### Source material
-------

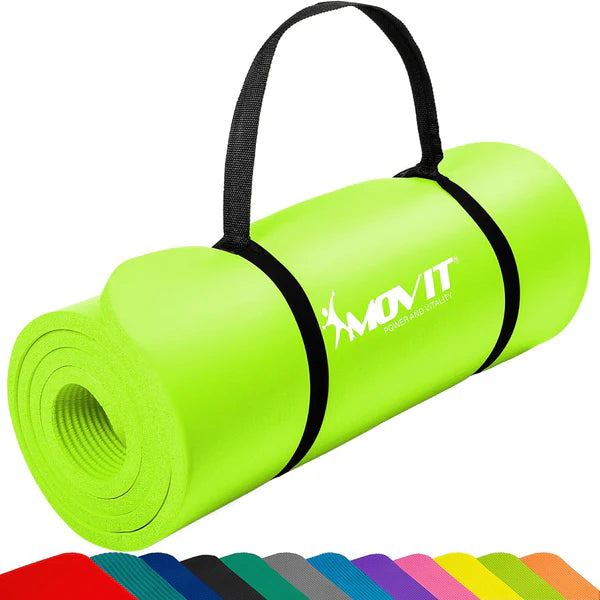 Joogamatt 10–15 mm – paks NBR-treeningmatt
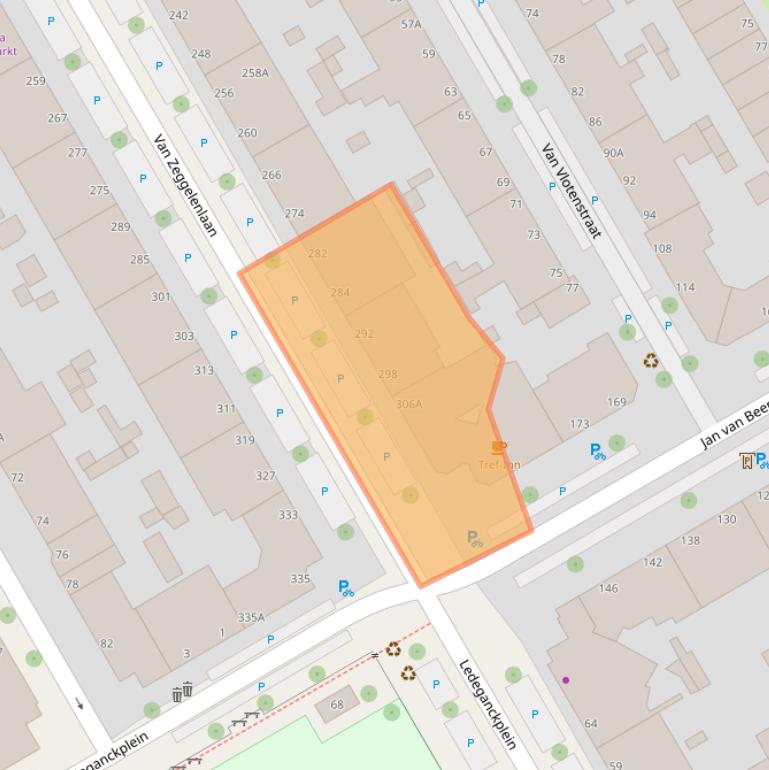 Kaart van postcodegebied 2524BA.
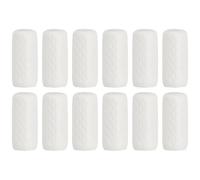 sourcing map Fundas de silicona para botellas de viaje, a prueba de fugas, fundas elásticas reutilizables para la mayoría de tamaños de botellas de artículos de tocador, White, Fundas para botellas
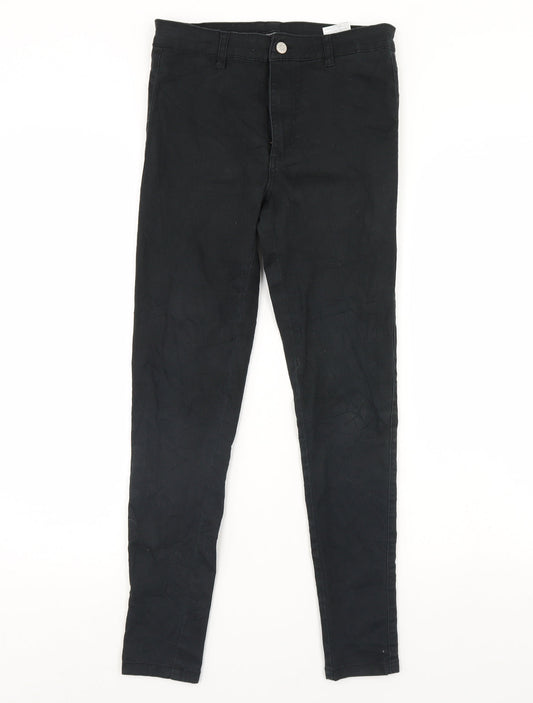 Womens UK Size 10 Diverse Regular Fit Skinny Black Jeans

-------

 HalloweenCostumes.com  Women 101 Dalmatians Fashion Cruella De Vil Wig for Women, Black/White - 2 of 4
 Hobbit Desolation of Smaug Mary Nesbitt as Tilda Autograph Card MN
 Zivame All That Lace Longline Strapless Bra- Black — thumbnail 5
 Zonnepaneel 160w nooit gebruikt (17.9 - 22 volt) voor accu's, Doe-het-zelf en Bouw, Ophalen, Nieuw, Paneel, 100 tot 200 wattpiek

-------

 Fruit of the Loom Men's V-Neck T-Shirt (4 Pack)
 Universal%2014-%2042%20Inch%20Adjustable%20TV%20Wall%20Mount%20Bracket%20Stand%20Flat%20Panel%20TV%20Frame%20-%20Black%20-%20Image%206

-------

### Exercise instructions
Print, exactly, each line above from the one with "sourcing map Fundas" to the one with "Womens UK Size", end lines included. Leave pictures out of it.

### Response below
 sourcing map Fundas de silicona para botellas de viaje, a prueba de fugas, fundas elásticas reutilizables para la mayoría de tamaños de botellas de artículos de tocador, White, Fundas para botellas
 Womens UK Size 10 Diverse Regular Fit Skinny Black Jeans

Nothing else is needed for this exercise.